When the line with "Снимка 2 — Офис" is found, repeat it and all lines that follow it exactly, stopping at the end of the listing.

=== Data excerpt ===
^^^^^^^^^^^^^^^^
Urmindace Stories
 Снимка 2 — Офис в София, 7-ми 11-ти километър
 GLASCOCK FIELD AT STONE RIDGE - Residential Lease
^^^^^^^^^^^^^^^^
=== Answer to the problem ===
 Снимка 2 — Офис в София, 7-ми 11-ти километър
 GLASCOCK FIELD AT STONE RIDGE - Residential Lease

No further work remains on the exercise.